At the 2011 Annual Meeting of Stockholders (the “Annual Meeting”) of Capital Senior Living Corporation (the “Company”) held on May 25, 2011, Proposals 1, 2, 3 and 4 were approved by the Company’s stockholders and no other business was properly brought before the Annual Meeting. The proposals are described in detail in the proxy statement (the “Proxy Statement”) filed by the Company with the Securities and Exchange Commission (the “SEC”) on April 22, 2011. At the Annual Meeting, the holders of 24,505,811 shares of the Company’s common stock, which represents approximately 89% of the shares of the Company’s common stock outstanding and entitled to vote as of the record date for the Annual Meeting of March 28, 2011, were represented in person or by proxy. The voting results of the Annual Meeting are set forth below.
Proposal 1 – Election of Directors – The Company’s stockholders elected Lawrence A. Cohen, Craig F. Hartberg and E. Rodney Hornbake to each serve as a director of the Company for three-year terms expiring in 2014. The voting results for each of these individuals were as follows:
Votes | ||||||||||||
Director | Votes “FOR” | “WITHELD” | Broker Non-Votes | |||||||||
Lawrence A. Cohen | 21,326,378 | 404,641 | 2,774,792 | |||||||||
Craig F. Hartberg | 19,999,705 | 1,731,314 | 2,774,792 | |||||||||
E. Rodney Hornbake | 21,328,778 | 402,241 | 2,774,792 |
Proposal 2 – Ratification of the Appointment of the Company’s Independent Auditors – The Company’s stockholders ratified the appointment of Ernst & Young LLP as the Company’s independent auditors. The voting results were 24,467,638 shares “FOR,” 25,036 shares “AGAINST,” and 13,136 abstentions.
Proposal 3 – Advisory Vote on Executive Compensation – The Company’s stockholders approved, on an advisory (nonbinding) basis, the compensation of the Company’s named executive officers, as disclosed in the Proxy Statement in accordance with the compensation disclosure rules of the SEC. The voting results were 21,488,978 shares “FOR,” 178,970 shares “AGAINST,” 63,071 abstentions, and 2,774,792 broker non-votes.
Proposal 4 – Advisory Vote on the Frequency of an Advisory Vote on Executive Compensation – The Company’s stockholders voted, on an advisory (nonbinding) basis, for the option of every one year as the preferred frequency for advisory votes on the Company’s executive compensation. The voting results were as follows:
Frequency | Votes “FOR” | |||
Every One Year | 20,066,317 | |||
Every Two Years | 41,861 | |||
Every Three Years | 1,560,257 |
There were 62,584 abstentions and 2,774,792 broker non-votes with respect to Proposal 4.

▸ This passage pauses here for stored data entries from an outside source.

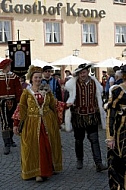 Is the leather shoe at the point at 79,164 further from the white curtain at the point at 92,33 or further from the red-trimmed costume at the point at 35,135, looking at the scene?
the white curtain at the point at 92,33

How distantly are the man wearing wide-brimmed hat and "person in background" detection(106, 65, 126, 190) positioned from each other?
150cm

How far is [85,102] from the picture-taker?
5.75 m

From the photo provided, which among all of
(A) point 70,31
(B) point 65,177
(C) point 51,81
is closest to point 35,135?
(B) point 65,177

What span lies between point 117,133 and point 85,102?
64.6 inches

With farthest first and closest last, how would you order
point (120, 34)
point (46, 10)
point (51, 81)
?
1. point (120, 34)
2. point (46, 10)
3. point (51, 81)

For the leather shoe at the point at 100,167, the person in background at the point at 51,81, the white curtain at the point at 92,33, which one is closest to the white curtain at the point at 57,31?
the white curtain at the point at 92,33

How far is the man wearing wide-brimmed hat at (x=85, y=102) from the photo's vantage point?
5.71m

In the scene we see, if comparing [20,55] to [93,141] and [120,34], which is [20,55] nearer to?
[93,141]

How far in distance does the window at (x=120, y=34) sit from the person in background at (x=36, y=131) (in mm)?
20351

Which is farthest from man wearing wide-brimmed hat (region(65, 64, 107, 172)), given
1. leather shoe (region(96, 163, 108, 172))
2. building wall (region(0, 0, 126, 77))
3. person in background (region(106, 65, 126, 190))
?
building wall (region(0, 0, 126, 77))

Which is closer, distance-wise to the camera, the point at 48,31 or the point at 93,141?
the point at 93,141

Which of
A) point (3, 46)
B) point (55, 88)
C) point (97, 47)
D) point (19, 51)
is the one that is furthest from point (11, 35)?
point (55, 88)

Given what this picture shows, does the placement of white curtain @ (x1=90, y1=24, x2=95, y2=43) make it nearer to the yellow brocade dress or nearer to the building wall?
the building wall

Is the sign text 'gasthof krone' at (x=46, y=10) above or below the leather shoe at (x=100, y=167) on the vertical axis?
above
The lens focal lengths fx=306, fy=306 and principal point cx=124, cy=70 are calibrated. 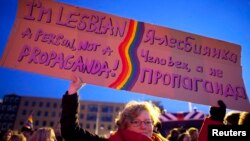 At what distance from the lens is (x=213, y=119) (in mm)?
3531

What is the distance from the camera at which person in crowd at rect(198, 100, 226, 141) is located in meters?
3.33

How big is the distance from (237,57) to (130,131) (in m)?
2.57

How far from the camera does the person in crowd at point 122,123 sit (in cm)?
270

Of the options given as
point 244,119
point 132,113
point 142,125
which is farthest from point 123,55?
point 244,119

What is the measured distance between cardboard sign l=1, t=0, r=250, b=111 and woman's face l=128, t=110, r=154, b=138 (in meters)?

Consistent with a majority of the votes cast with respect to Proposal 4, the Company’s Board of Directors has determined that the Company will hold a stockholder advisory vote on the compensation of the Company’s named executive officers once every year until the next required vote on the frequency of stockholder votes on the compensation of the Company’s named executive officers as required pursuant to Section 14(A) of the Securities Exchange Act of 1934, as amended, and the rules and regulations promulgated thereunder.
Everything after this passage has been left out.